§ Your assignment
Copy out the whole listing exactly as given. Skip the pictures.

*** Opening of Input material ***

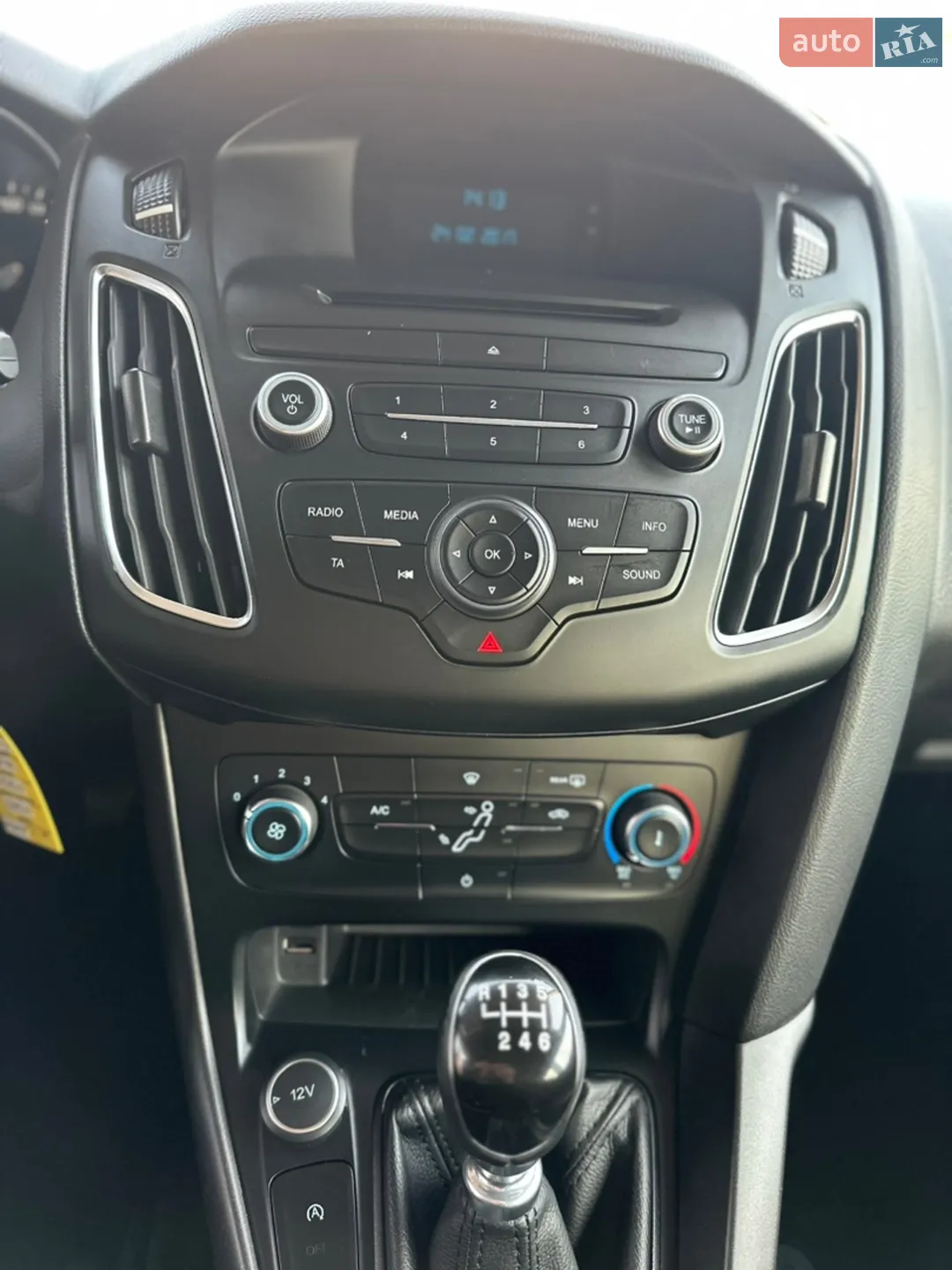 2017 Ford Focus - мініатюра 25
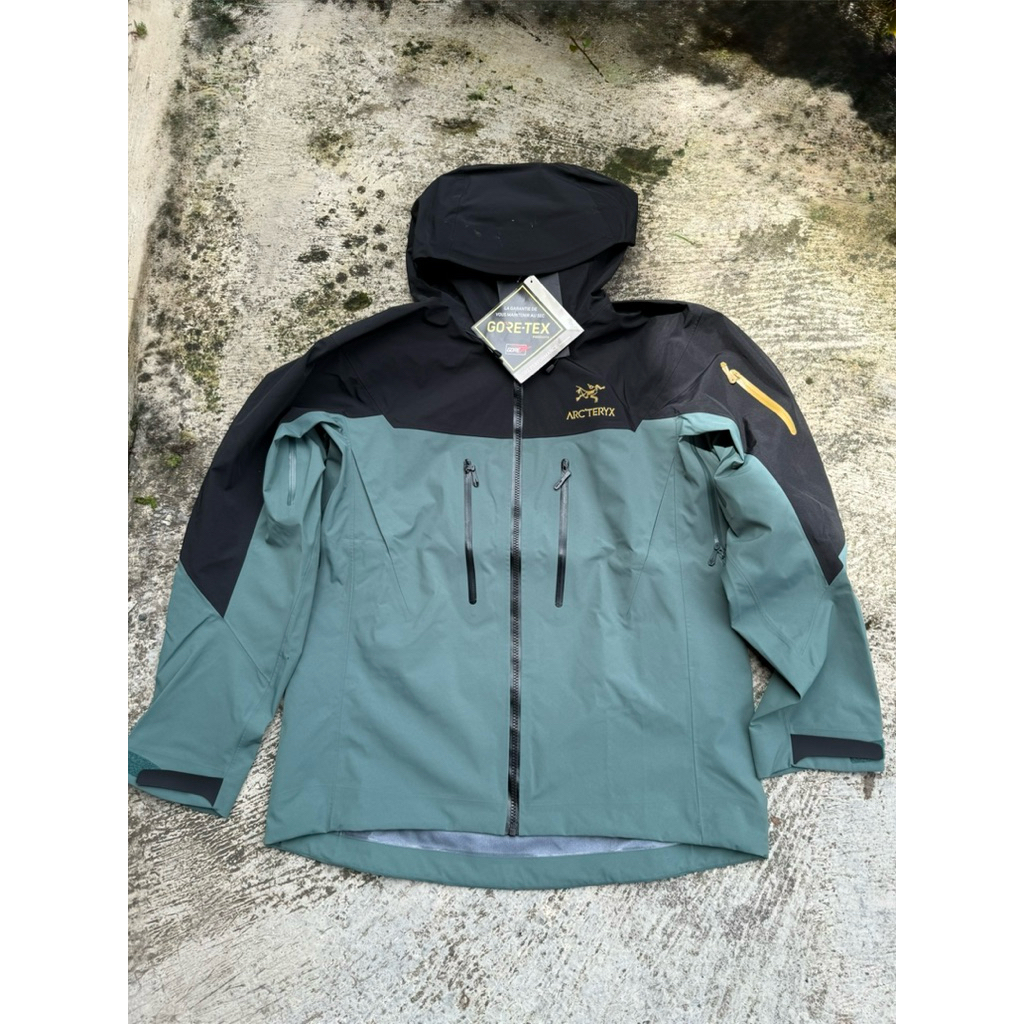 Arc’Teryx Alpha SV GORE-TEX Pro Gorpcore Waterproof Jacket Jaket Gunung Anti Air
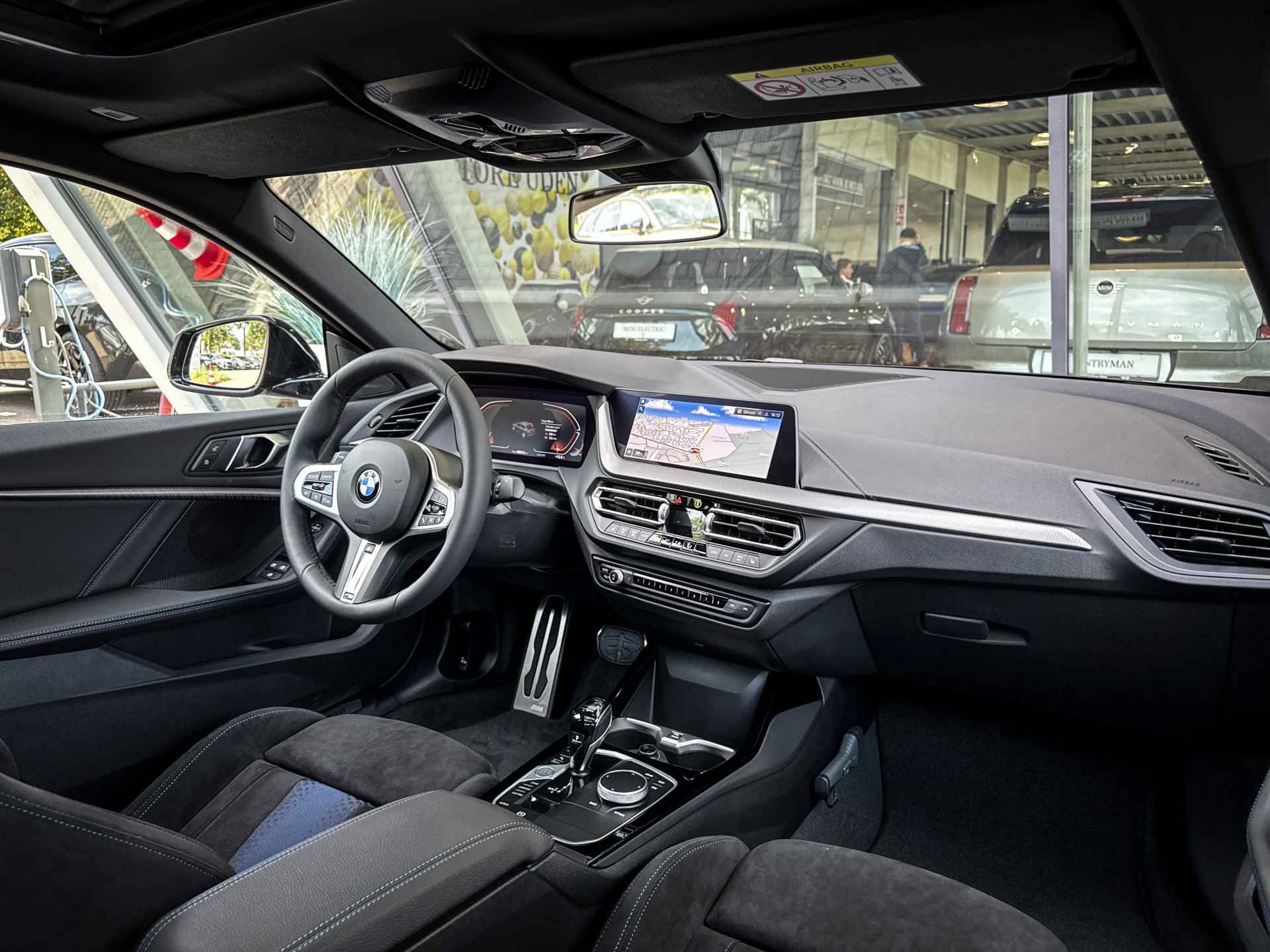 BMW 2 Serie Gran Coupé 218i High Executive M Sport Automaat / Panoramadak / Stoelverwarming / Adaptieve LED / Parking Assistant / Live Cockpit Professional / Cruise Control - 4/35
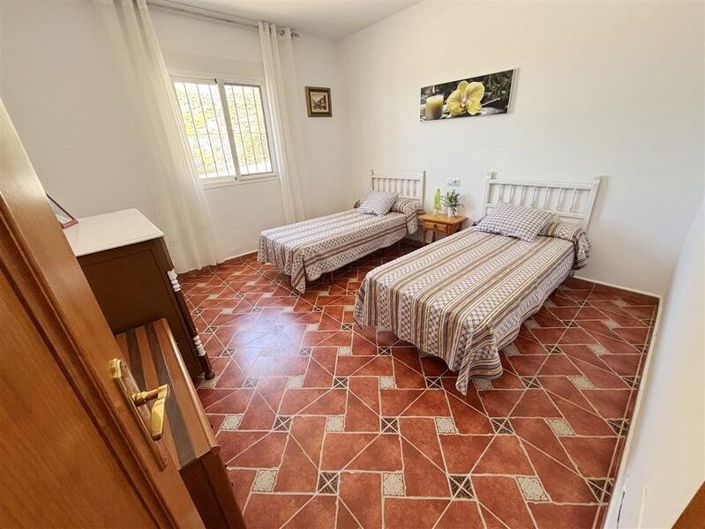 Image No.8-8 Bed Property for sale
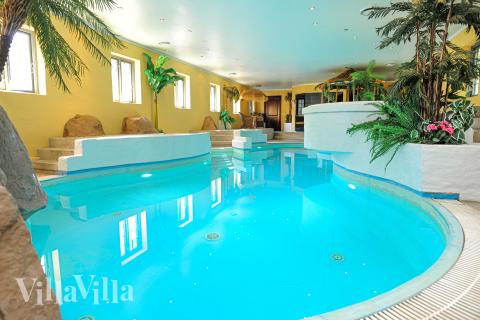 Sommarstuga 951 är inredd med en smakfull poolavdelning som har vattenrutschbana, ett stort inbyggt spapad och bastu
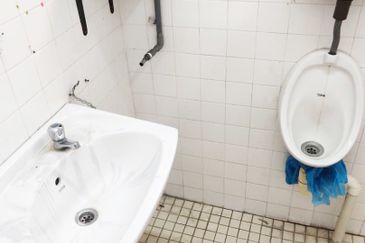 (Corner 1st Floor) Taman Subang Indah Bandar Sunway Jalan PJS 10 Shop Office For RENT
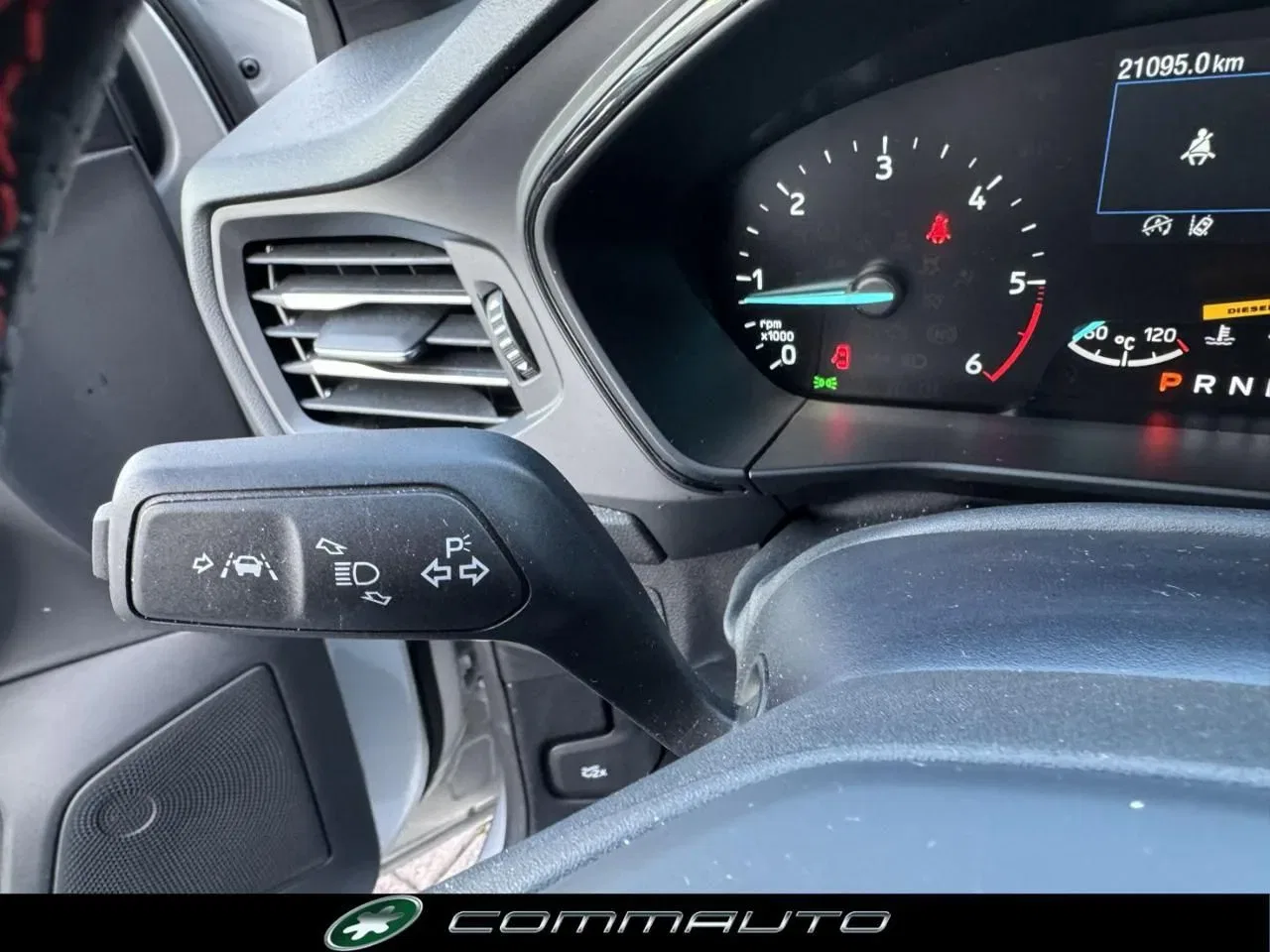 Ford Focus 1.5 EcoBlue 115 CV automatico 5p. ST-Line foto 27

*** Close of Input material ***

§ Your response
 2017 Ford Focus - мініатюра 25
 Arc’Teryx Alpha SV GORE-TEX Pro Gorpcore Waterproof Jacket Jaket Gunung Anti Air
 BMW 2 Serie Gran Coupé 218i High Executive M Sport Automaat / Panoramadak / Stoelverwarming / Adaptieve LED / Parking Assistant / Live Cockpit Professional / Cruise Control - 4/35
 Image No.8-8 Bed Property for sale
 Sommarstuga 951 är inredd med en smakfull poolavdelning som har vattenrutschbana, ett stort inbyggt spapad och bastu
 (Corner 1st Floor) Taman Subang Indah Bandar Sunway Jalan PJS 10 Shop Office For RENT
 Ford Focus 1.5 EcoBlue 115 CV automatico 5p. ST-Line foto 27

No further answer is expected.